A group of buyers that includes  the J. Paul Getty Trust, in association with the Ford Foundation, the John D. and Catherine T. MacArthur Foundation and the Andrew W. Mellon Foundation. purchased the historic photos for $30 million, according to Chicago radio station WBEZ.

READ MORE: Ebony to auction off its prized photo archives to pay creditors

The archive, which chronicles seven decades of Black life in America and consists of millions of images, was placed up for auction by the Chicago-based Johnson Publishing Co., after filing for Chapter 7 bankruptcy in April.

According to the Chicago Tribune, the archive will go to the Smithsonian National Museum of African American History and Culture, the Getty Research Institute, as well as other institutions so that researchers and scholars will have access.

“There is no greater repository of the history of the modern African-American experience than this archive,” James Cuno, president of The J. Paul Getty Trust, said in a press release. The trust is the lead purchaser in the consortium. “Saving it and making it available to the public is a great honor and a grave responsibility.”

Earlier this year, reports stated the money collected from the sale of the photo archives would go toward settling debt with numerous creditors. Johnson Publishing has been trying to sell the archives since 2015, when its value was appraised at $46 million. The company sold the magazines and their websites to the Texas-based Clear View Group in 2016. The bankruptcy and auction sale does not affect the publications.

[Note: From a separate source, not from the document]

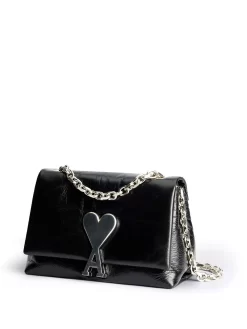 Hombre AMI Paris Bolso De Hombro Ami De Coeur -Masculina Moda Tienda 19595083 43883733 1000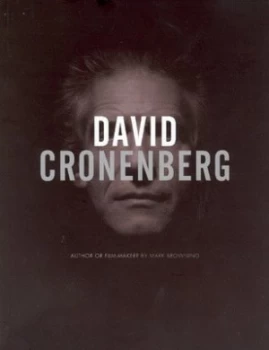 Image of David Cronenberg by Mark Browning Book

Creditors owed include filmmaker George Lucas and his wife financial investment advisor Mellody Hobson, who own Capital V Holdings and gave a $12 million loan to Johnson Publishing. Lucas and Hobson were eligible to bid on the archives using the money that was owed to them. They could also have received the full collection in foreclosure if there had not been another bidder for the archives.

READ MORE: Former publisher of EBONY and JET magazines files for bankruptcy

“The Johnson Publishing archives are an essential part of American history and have been critical in telling the extraordinary stories of African American culture for decades,” Lucas and Hobson’s company said back in April. “We want to be sure the archives are protected for generations to come.”

The archives are stated to hold over four million images from decades spanning the civil rights era and in the years since, including iconic images of Muhammed Ali and other prominent African-American figures.

A hearing on the sale was slated to begin on Thursday in bankruptcy court in Chicago.